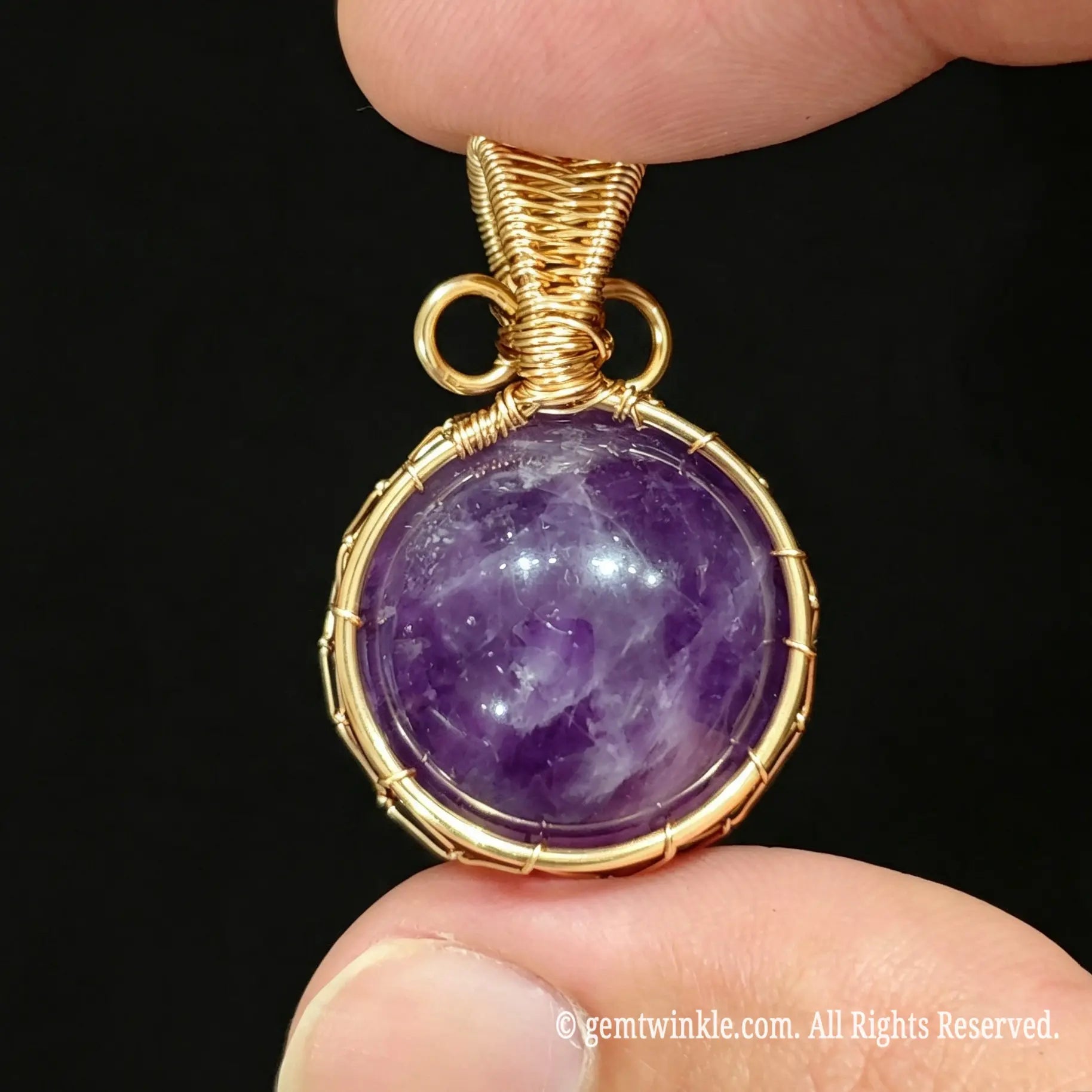 Front view of gold wire wrapped purple amethyst sphere pendant held in hand showing intricate net structure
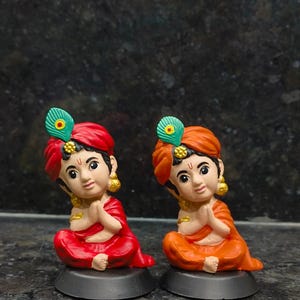 Könnte beinhalten: Zwei Figuren einer sitzenden Figur mit gefalteten Händen. Eine Figur trägt einen roten Turban und ein rotes Outfit, die andere einen orangenen Turban und ein orangefarbenes Outfit. Beide haben goldene Ohrringe und eine Pfauenfeder. Sie sitzen auf einem schwarzen Sockel.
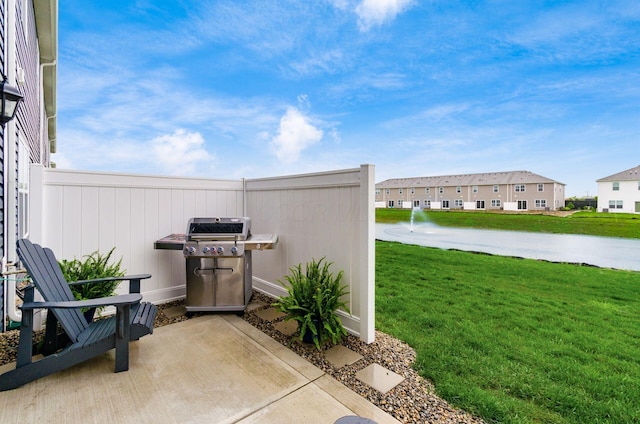 6355 Marinelli Dr N, Columbus, OH 43228 - view of patio / terrace featuring a grill, a residential view, and a water view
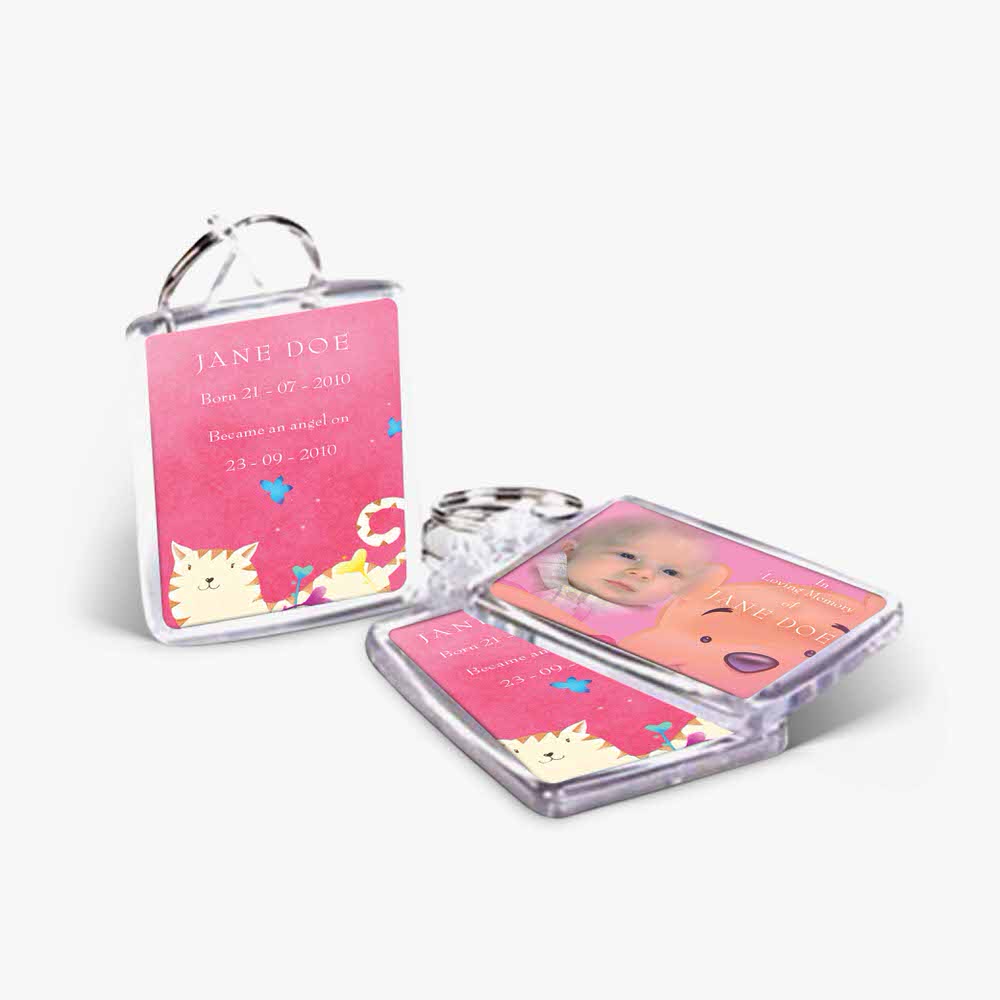 a pink keychain with a picture of a cat and a baby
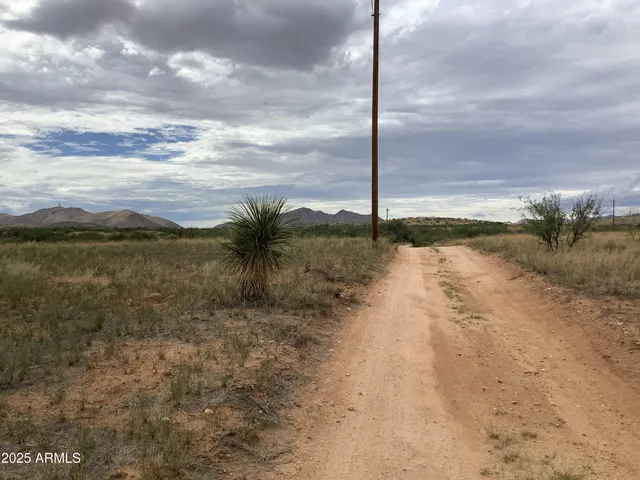 a view of a lake with beach in background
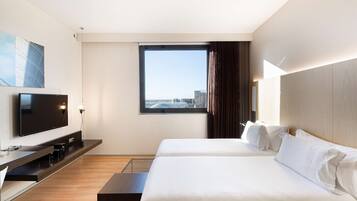 Habitación de hotel con un ventanal grande, televisor de pantalla plana, cama y escritorio.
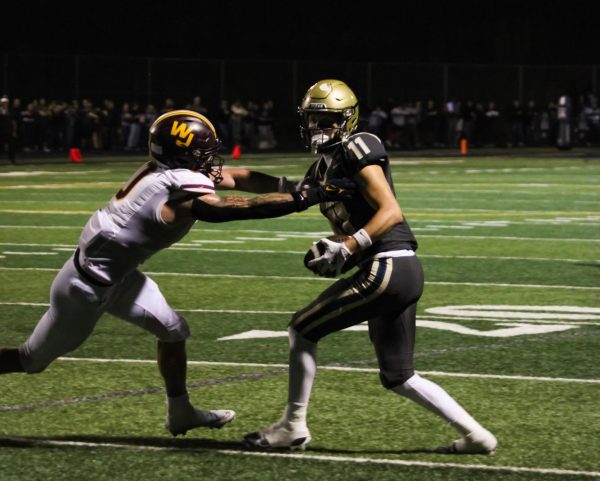 Grady Falkenstein (#11) enters a clash with a Walsh player during the Mum Day game, perfectly representing Hoban and Walsh’s rivalry and showcasing the determination and pride that both teams brought to the field this year. PHOTO COURTESY OF ELAINA KARAFILIS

§ REQUIRED ACTION
Give again, word for word, the lines above from the first one through the one containing "a view of a lake with beach in background"; no pictures.

§ RESPONSE TO THE TASK
 Front view of gold wire wrapped purple amethyst sphere pendant held in hand showing intricate net structure
 Könnte beinhalten: Zwei Figuren einer sitzenden Figur mit gefalteten Händen. Eine Figur trägt einen roten Turban und ein rotes Outfit, die andere einen orangenen Turban und ein orangefarbenes Outfit. Beide haben goldene Ohrringe und eine Pfauenfeder. Sie sitzen auf einem schwarzen Sockel.
 6355 Marinelli Dr N, Columbus, OH 43228 - view of patio / terrace featuring a grill, a residential view, and a water view
 a pink keychain with a picture of a cat and a baby
 a view of a lake with beach in background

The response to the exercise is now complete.